The S&P 500 is not only the most widely used index for ETFs and funds, it is also the index of choice for researching markets.  Much of the research focuses on the index pop — how much a stock jumps when it joins the index.  About ten years ago some papers on comovement appeared arguing that index membership changes a stock’s behavior and affects the overall market.  The gist of the argument is that two stocks of the similar size, valuation, sector and fundamentals will behave like one-other unless one stock is a member of the S&P 500 and the other is not. The claim is that when a stock joins the S&P 500, its returns comove with the rest of the S&P 500 index but do not fully reflect its fundamentals.  Indices and index membership, not stocks, drive the market.  Moreover, statistical evidence for comovement implied that the expansion of indexing was altering the way stocks behaved such that index membership mattered as much as fundamentals like earnings, dividends and book value; that index membership in the S&P 500 would raise the stock’s β.
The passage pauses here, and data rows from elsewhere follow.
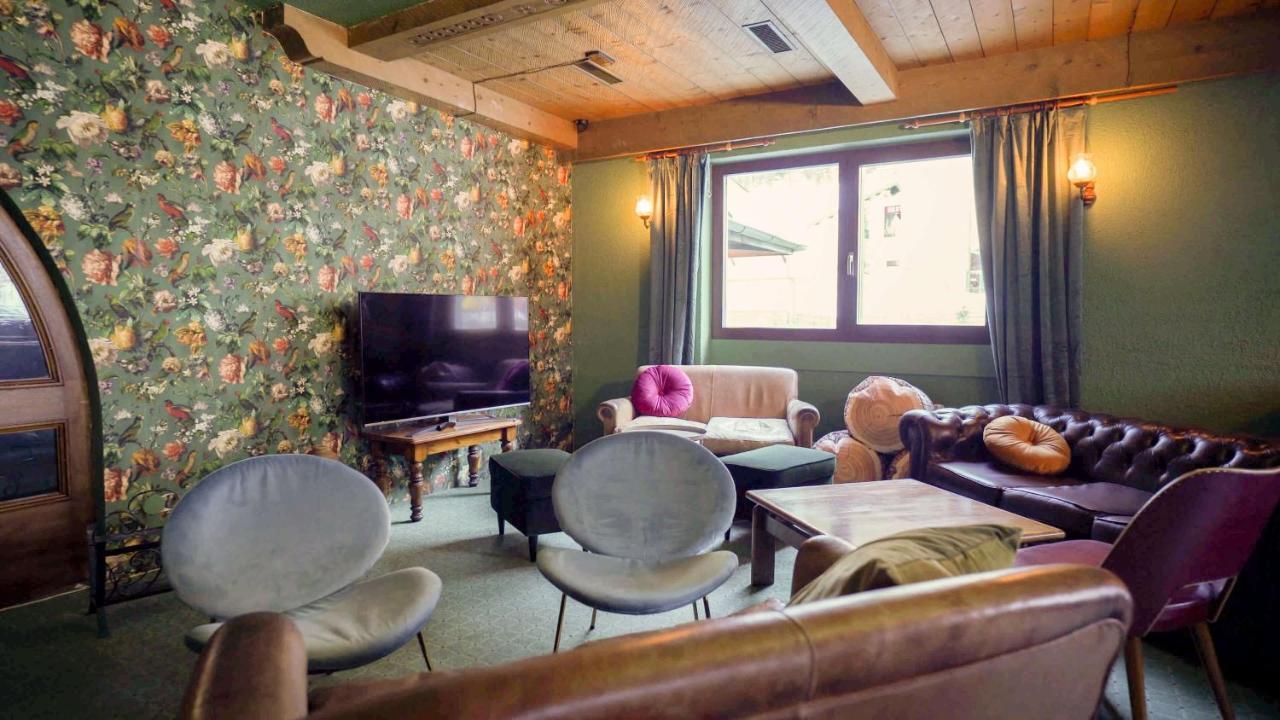 Hotel Rosanna By Alpeffect Hotels Sankt Anton am Arlberg Buitenkant foto
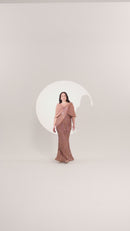 Plus Size - Veloura Cape - Maxi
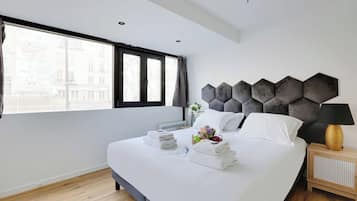 1 bedroom, desk, iron/ironing board, free WiFi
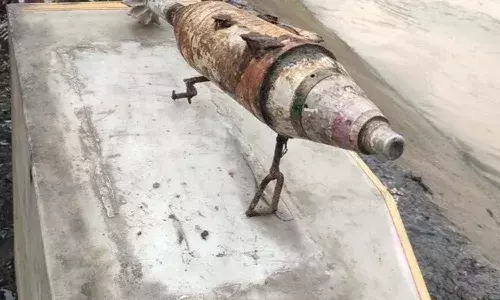 Delhi, Delhi police, missile object, National Security Guard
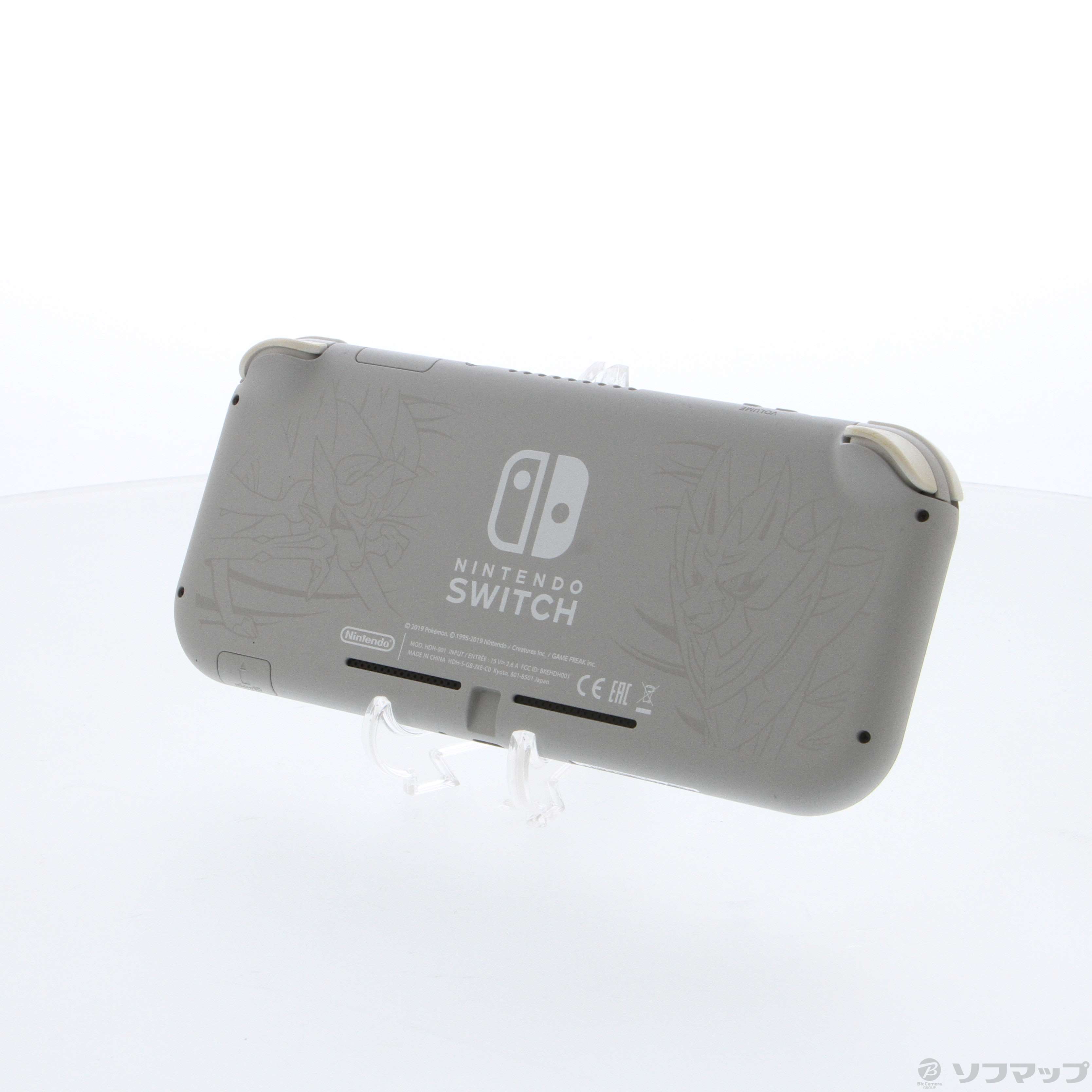 中古】Nintendo Switch Lite ザシアン・ザマゼンタ [2133069025887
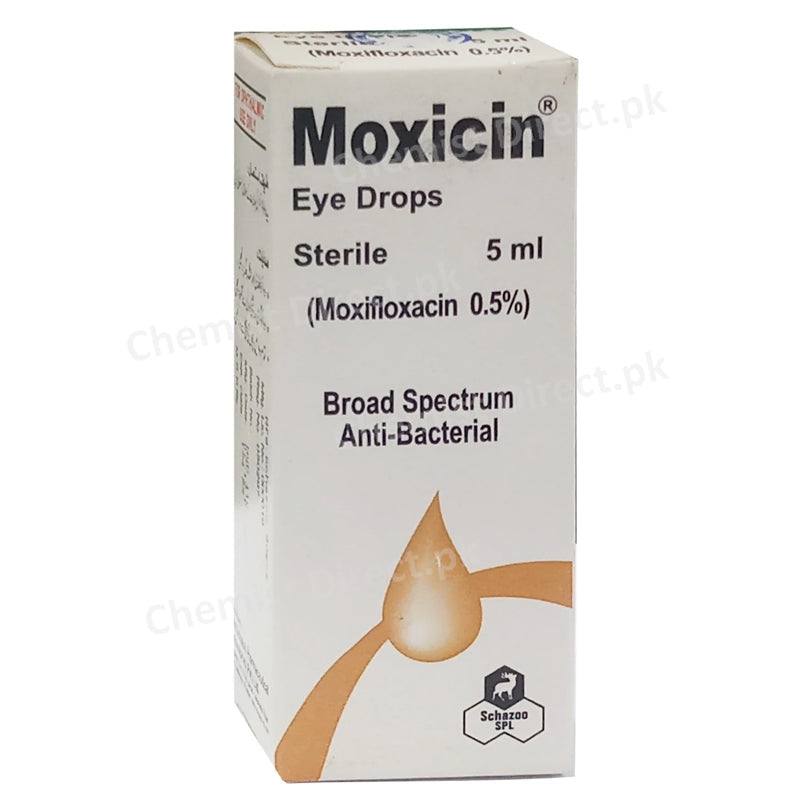 Moxicin 5ml Eye Drop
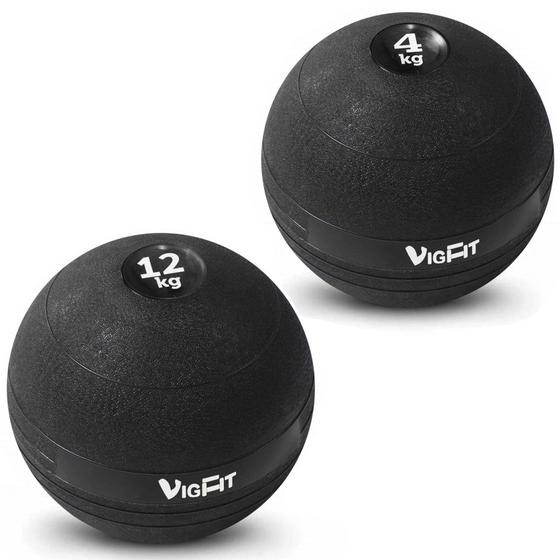 Imagem de Kit Slam Ball 4Kg E 12Kg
Two recent papers dispute this view and show that stocks – and not index membership — are what matters. This new research explains why a stock’s fundamentals appear to shift when it is added to the S&P 500. There is a difference in the behavior of seemingly similar stocks observed when one of the stocks joins the S&P 500.  The difference is seen in changes in the stock’s β and in higher EPS forecasts.  However, this is not the result of some unexplained index membership effect that makes stocks in the index act like one-another or comove. Rather, the changes in a stock joining the index reflect the stock’s own performance in the period before it is added to the S&P 500.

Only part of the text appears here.